I don't think many others are going to see that. it's obviously ridiculous, but what we don't know now is how a campaign plays out. We may not have more debates. The next debate was supposed to be a town hall, it was going to be a very different dynamic. Who knows if he'll be able to do that, what will this do to the enthusiasm of his supporters if they're starting to think that maybe they're not voting for Donald Trump, but voting for Mike Pence? What will happen with Biden and the nature of his campaign?
He's now suspended negative ads, but you know, we're going to be in a different world for the next week or two or three. I can't see a lot of people who are not Trump supporters feeling sympathy for him because he's a victim here. He is not a victim in most of the ways in which we would characterize it.
But I think Michael is right. We're in uncharted territory here in terms of how all of this plays out psyche and with a campaign.
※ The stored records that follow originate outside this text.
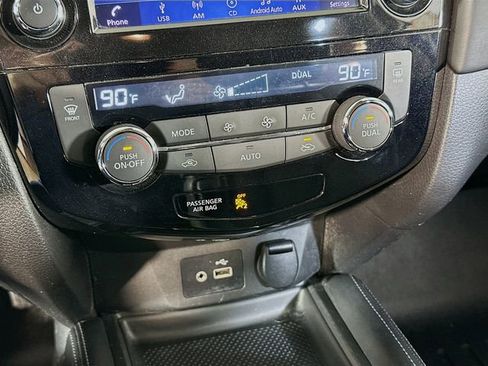 Used 2018 Nissan Rogue SL image 21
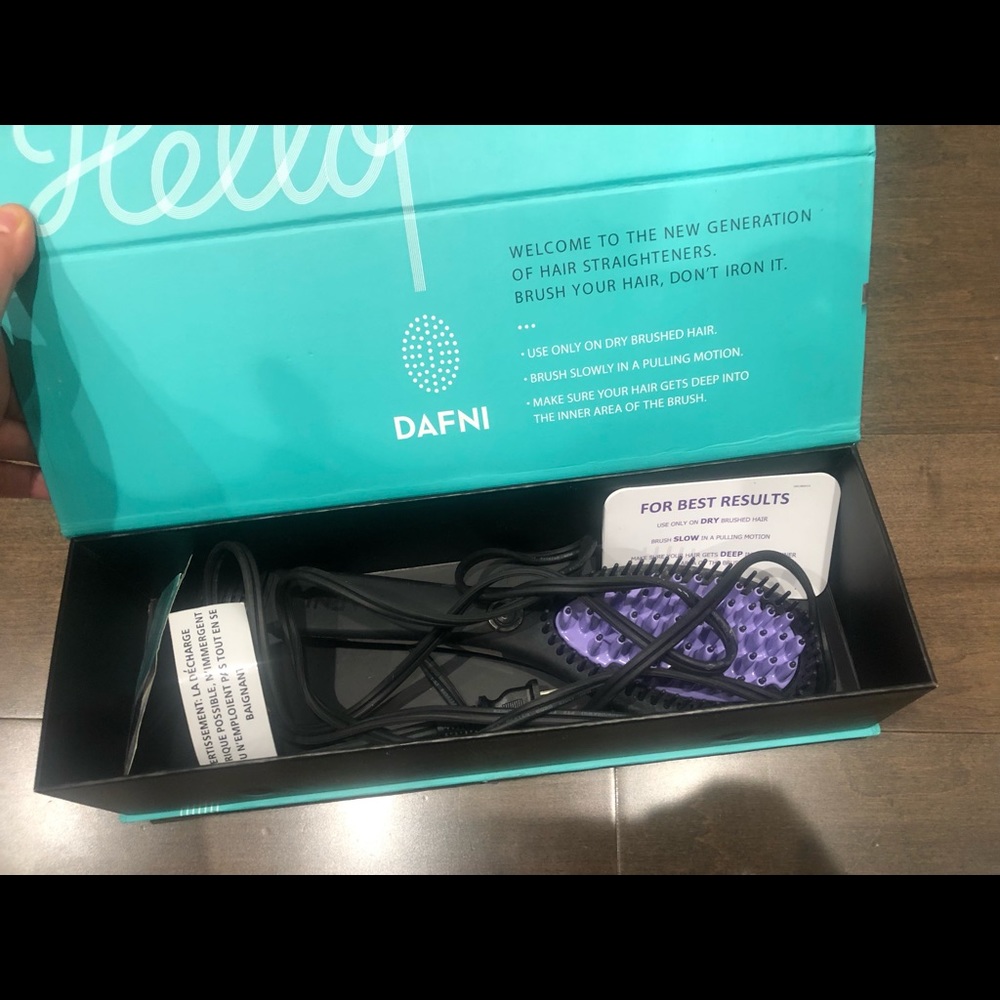 Dafni hair brush to straighten hair - used twice!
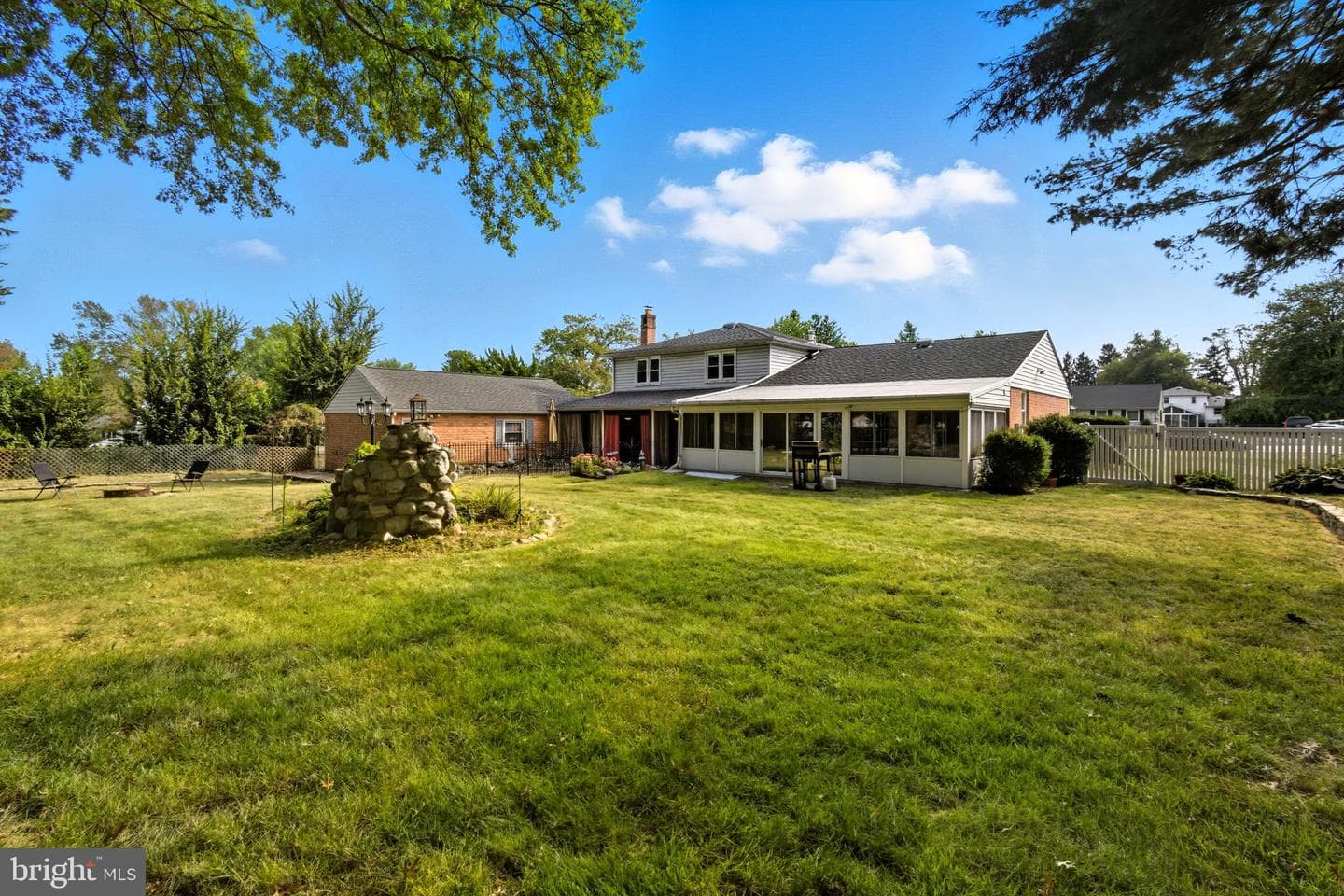 985 Milkweed Lane photo 41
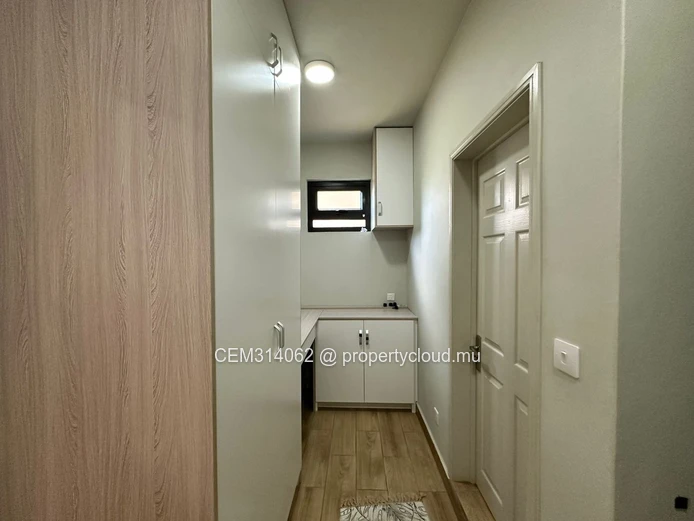 Cozy 2-Bedroom Apartment in the Heart of Trou-aux-Biches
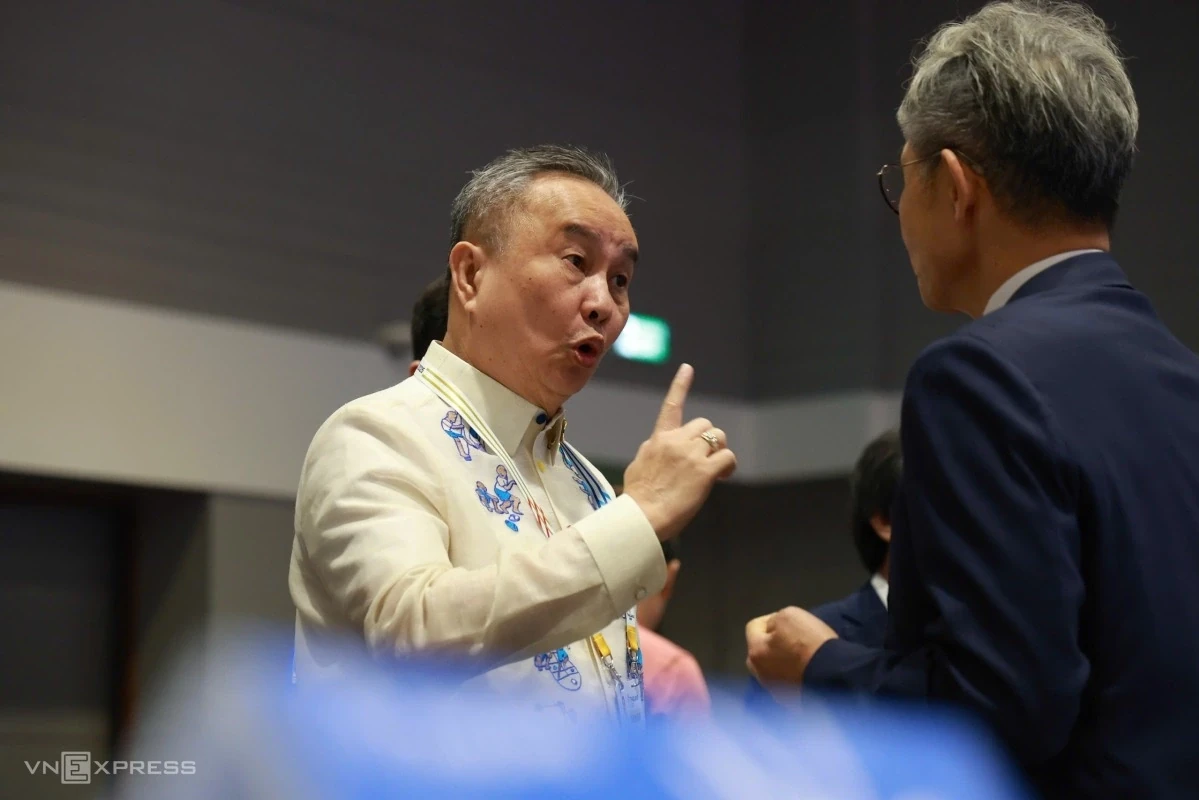 HLV Kim Sang Sik tính dùng “Lamine Yamal xứ Thanh”?; Ngày đầu SEA Games 33 hỗn loạn những sai sót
One thing that may happen, if he were mildly symptomatic, stuck in the White House and did nothing but tweet for two weeks, we would see many more attempts to incite the proud boys and others to get out there and maybe even have more violence. If he's unable to do that, and he's not using that trigger, maybe that alters some of the nature of the voting taking place over the next few weeks.
Laura Coates [00:42:14]: One of the odd things about this, of course, people have already started voting.
Harry Litman [00:42:16]: Yeah. The election’s on already.
Laura Coates [00:42:19]: The election is ongoing. I mean, it's right here. Even before he was diagnosed, people had voted and he has obviously had a lot to say about the integrity of mail-in invalid much to my chagrin as a former voting rights attorney and civil rights, but the idea of, the people have already begun. You almost wonder how much impact could it have because some people have already cast their ballots, maybe even believing they were voting for Trump.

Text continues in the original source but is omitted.